Block	Parameters	Size
Main effects	Discrete thresholds + continuous means	\(\text{thresholds} + q\)
Discrete-discrete	Pairwise discrete interactions (symmetric)	\(p(p-1)/2\)
Cross-type	Discrete-continuous interactions	\(p \times q\)
Continuous-continuous	Cholesky factor of the precision matrix	\(q(q+1)/2\)

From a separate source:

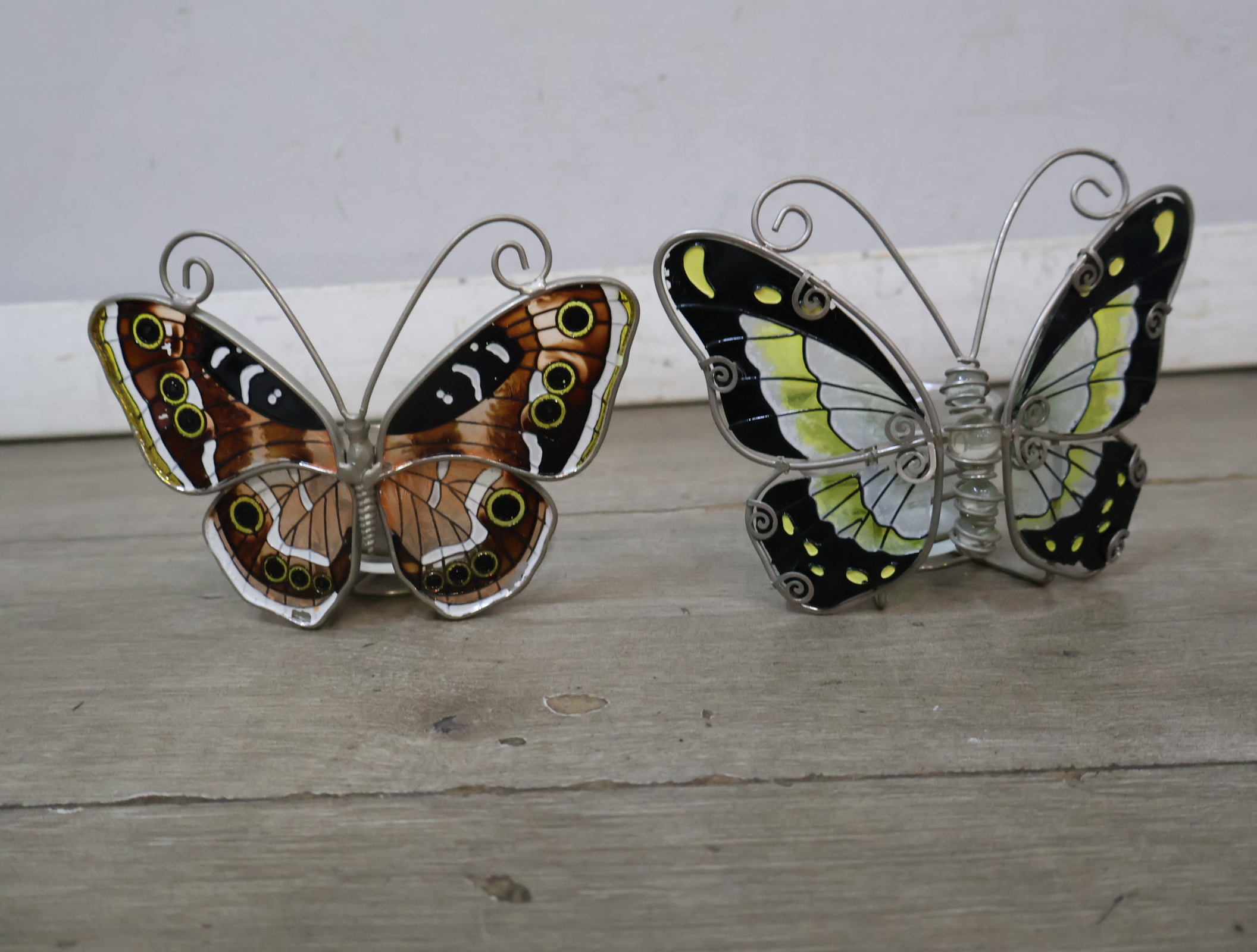 Set metalen vlinderfiguren met gekleurde vleugels, waxinehouders – foto 6 – kavel bij GSD Auctions, Zoeterwoude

All five blocks are updated jointly by NUTS. The continuous precision matrix is parameterized through its Cholesky factor \(R\) (with diagonal entries on the log scale) so that positive definiteness is guaranteed by construction. The gradient includes the Jacobian of the Cholesky-to-precision mapping.

Parameter vector layout

The model distinguishes three vector types:

Active vector (`parameter_dimension()`)

Contains the parameters that NUTS updates, excluding edges set to zero by edge selection. The Cholesky block is always fully included:

[ thresholds | discrete interactions (active) | means | cross-type (active) | Cholesky (all) ]

The mass matrix and gradient are dimensioned to this vector.

Full vector (`full_parameter_dimension()`)

Contains all parameters including inactive edges:

[ thresholds | discrete interactions (all) | means | cross-type (all) | Cholesky (all) ]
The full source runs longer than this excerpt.